Engineers -- especially those who are on the edges of functional programming -- may appreciate this posting from Guy Steele. In it, he argues that the functional-programming community has picked up a lot of jargon from the math world like "associative", "commutative" and "identity", but while those concepts are ferociously important, the terminology mostly just gets in the way of the average programmer.

While I don't love his specific strawman proposals (eg, replace "Commutative" with "OrderDoesn'tMatter"), I think he's basically onto something here.
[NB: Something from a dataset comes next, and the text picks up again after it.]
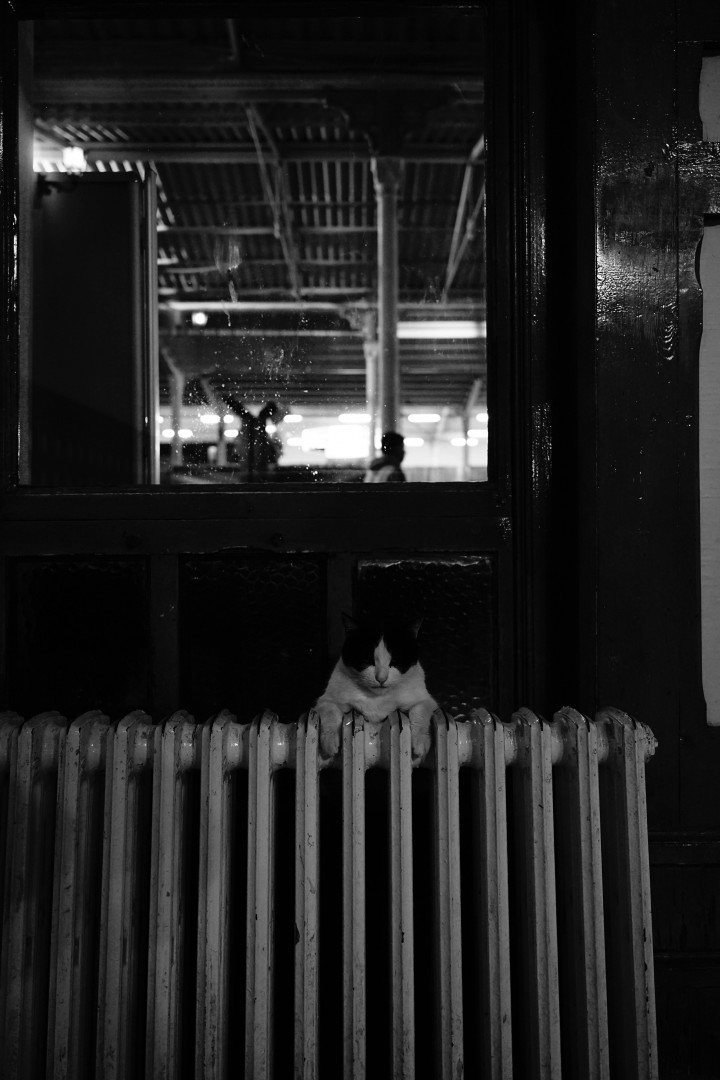 Jenis-Jenis Water Heater yang Umum Digunakan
Spelling out what these concepts *mean* in practice a little more clearly (and his table of examples is wonderfully clear) would probably lower a major barrier to entry into functional programming...

[identity profile] goldsquare.livejournal.com 2010-06-21 06:17 pm (UTC)(link)
No fair.

He used words of more than one syllable. :-)

[identity profile] gyzki.livejournal.com 2010-06-21 06:21 pm (UTC)(link)
As someone who spends his days bringing definitions of "associative" and "commutative" down to a third-grade level of understanding, I smile at the thought that sort of fancy-pants terminology is too obscure for the average programmer. But providing practical examples is certainly a good and helpful thing.

[identity profile] gyzki.livejournal.com 2010-06-21 11:25 pm (UTC)(link)
The results can be pretty unintuitive, especially when you get into the theoretical definitions of things like "identity", which are horribly important for really understanding how to use powerful tools like monads. Hence, the desire to reduce the amount of jargon required in order to enter the field...

My father did his dissertation on Leibniz, so I grew up with 'monad' as a household word. Not everyone can be so lucky :-)

[identity profile] calygrey.livejournal.com 2010-06-22 01:42 am (UTC)(link)
My father did his dissertation on Leibniz, so I grew up with 'monad' as a household word.

And mine did physics. We got "aether".

[identity profile] ladymacgregor.livejournal.com 2010-06-24 05:51 pm (UTC)(link)
As someone who spends *her* days "translating" developerese into plain language, I have found that removing jargon and having clear, specific, and understandable (if longer) definitions helps *everyone* in the department. Developers tossing around the jargon may *think* that they are talking about the same thing, but if you listen closely and then pin them down in some cases, it turns out they are talking about completely separate concepts (which always startles them). And in our company, I am starting to think that the English-as-a-second-language developers outnumber the "native speakers." (Not just Indian, either - we have Turkish, Moroccan, several Russians, a couple of Chinese, and just hired a Frenchman.)